Audit: quality of cataract surgery listing and preoperative assessment documentation
Session Details
Session Title: Presented Poster Session: New & Interesting I
Venue: Poster Village: Pod 3
First Author: : J.Gilmour-White UK
Co Author(s): : T. Richardson
Abstract Details
Purpose:
To evaluate the quality of assessments documented by ophthalmologists listing patients for cataract surgery in clinics and on the day of surgery against standards recommended by the Royal College of Ophthalmology (RCOphth 2010) and the National Institute for Clinical Excellence (NICE 2017).
Setting:
Western Eye Hospital (WEH) an ophthalmology institute in North London, UK that is managed by the Imperial College NHS Trust. This is a multi-subspecialty referral centre in central London with a high volume of cataract surgical referrals.
Methods:
Retrospective audit of 50 assessments documented by ophthalmologists in clinic when listing for cataract surgery and then pre-operatively on the day of surgery. Data was collected from the WEH official electronic medical records platform Medisoft using a pro forma generated from the RCOphth and NICE guidelines.
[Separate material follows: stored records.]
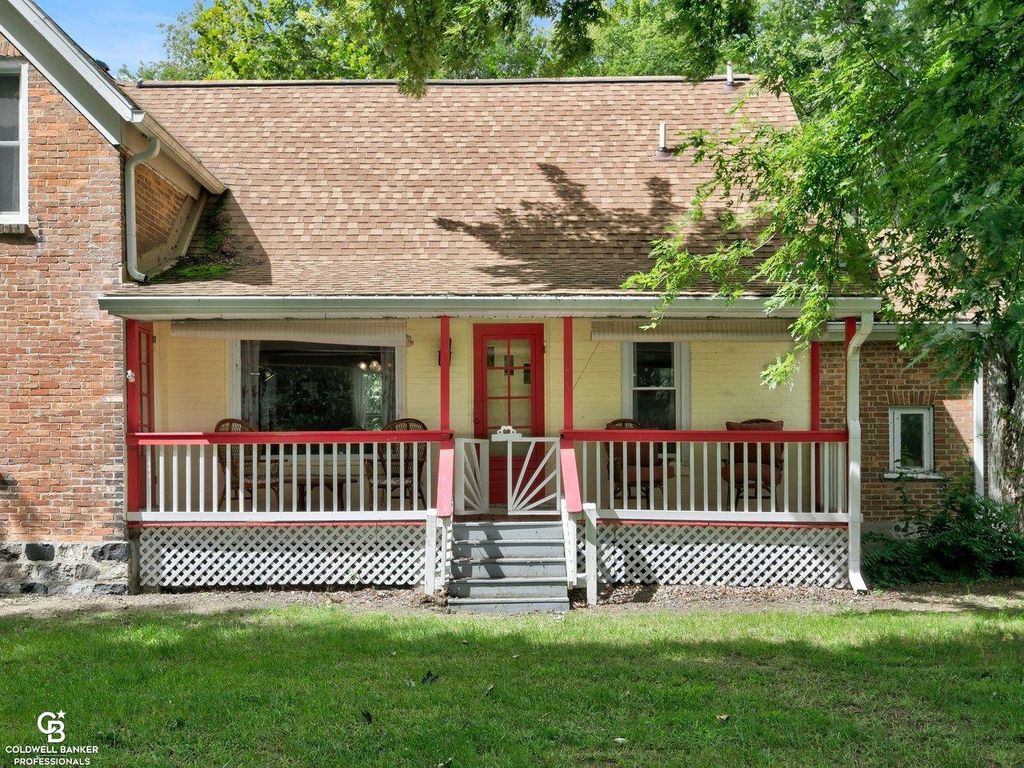 3288 Lakeshore Road, Lexington, MI 48450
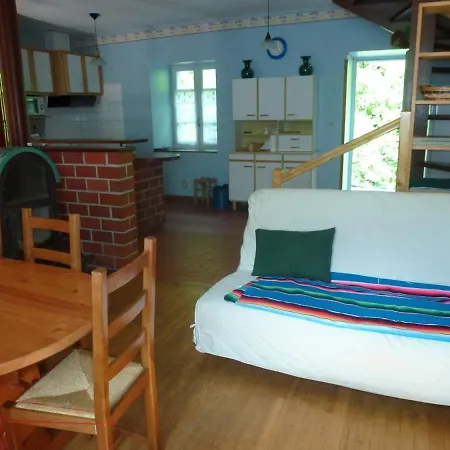 Salau Crusous Communal בית נופש *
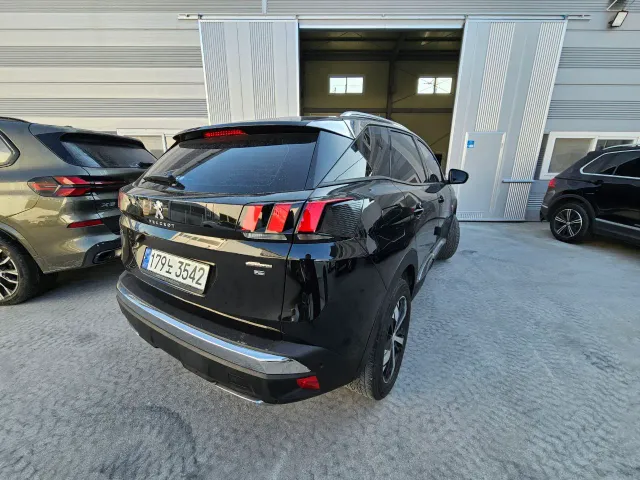 Peugeot 5008 - фото 3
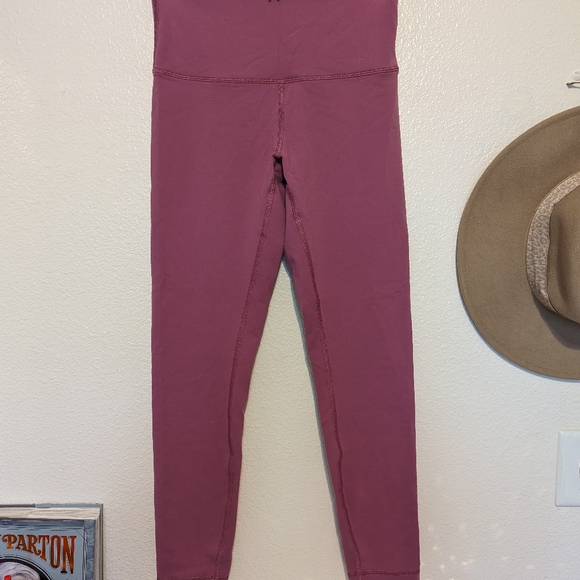 Lululemon leggings 7/8 - Picture 2 of 8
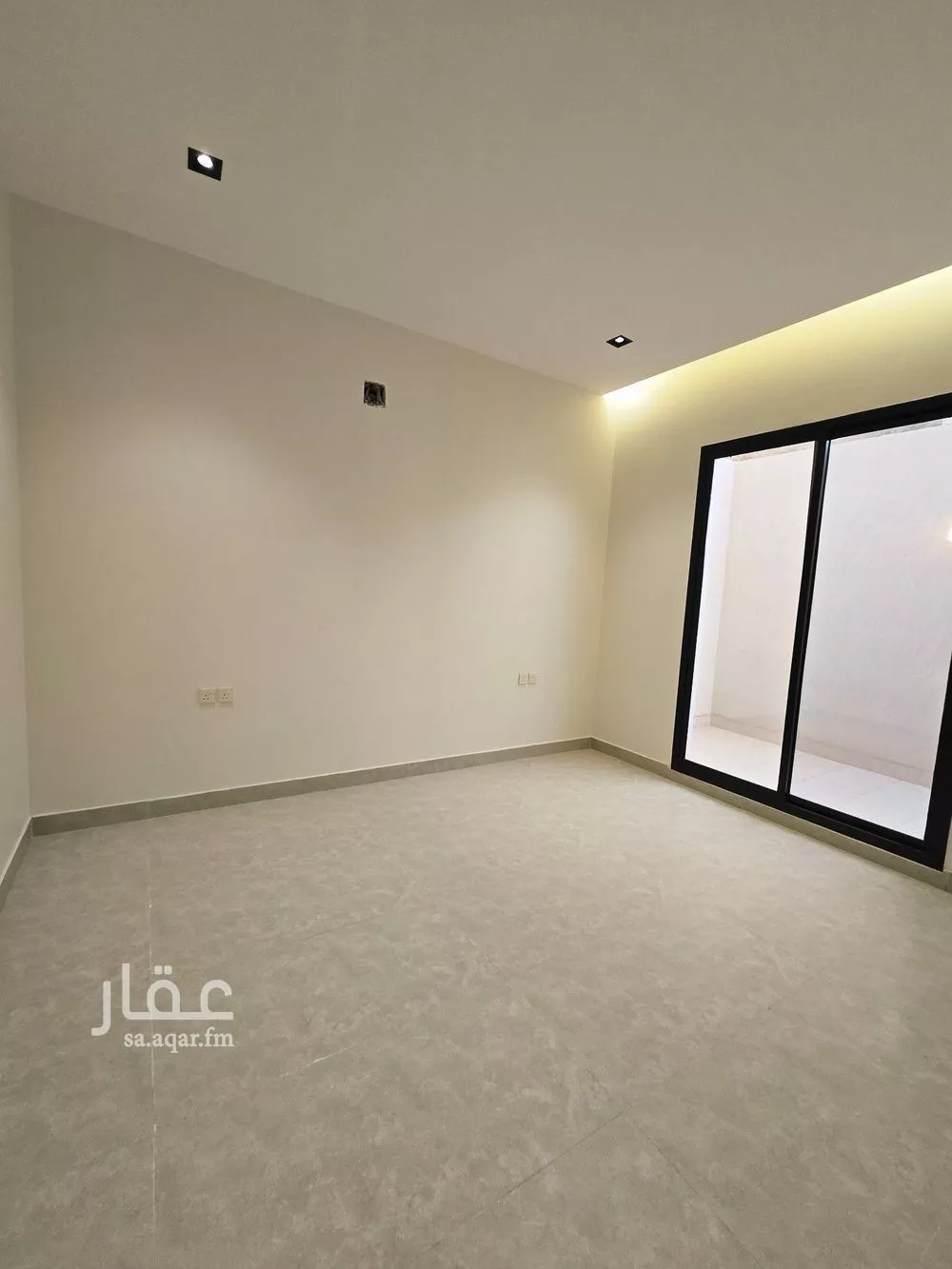 5 bedroom villa in Al Qadisiyah 4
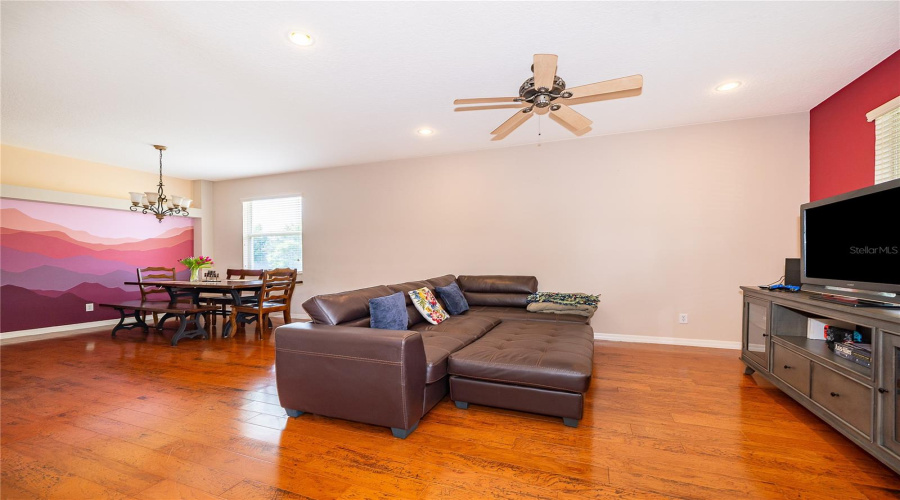 DAVENPORT, Florida 33896, 4 Bedrooms Bedrooms, ,2 BathroomsBathrooms,Residential,For Sale,MYSTIC BROOK,0,MFRO6398649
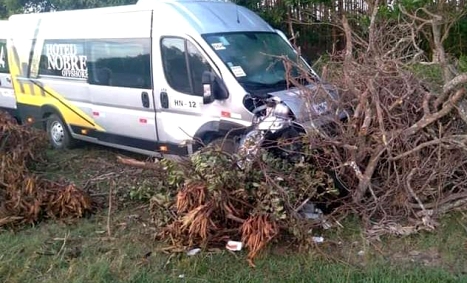Acidente deixa oito feridos na RJ 216, na Baixada Campista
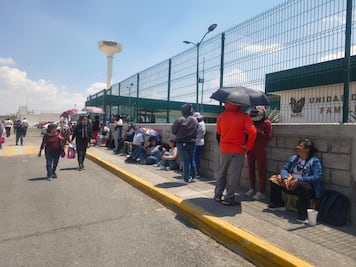Pacientes esperan horas afuera de clínica del IMSS en Tizayuca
Cases were taken from a variety of Consultant and sub-speciality teams by convenience sampling.
Results:
At listing there was good evidence of: past ocular history (80%), past medical history (80%), drug history (88%), allergies (86%), social history (84%), VA (100%), IOP (96%), cataract examination (94%) and fundus examination (84%). However, there was poor evidence of: assessment of presenting complaint (55%), pupil examination (41%), external eye examination (45%), refractive outcome discussion (41%) and leaflet provision (18%). There was documentation of pre-operative assessment in 69% of cases. Mostly pre-operative assessment was used only to document risk/benefit discussion (47%) and refractive outcome (59%). The most commonly documented ocular examination feedings where the fundus (18%) and cataract (18%).
Conclusions:
This audit demonstrates potentially significant clinical and ethical-legal risks. The findings were presented locally within ophthalmology speciality teaching and the trust ophthalmology quality improvement meeting. A local standard operating procedure (SOP) for cataract listing and pre-operative assessments will be written. The electronic documentation and listing systems will be optimised to remind and make documentation easy for clinicians. There should also to be an addition of mandatory refractive outcome and risk stratification boxes. A re-audit will be carried out within the next year.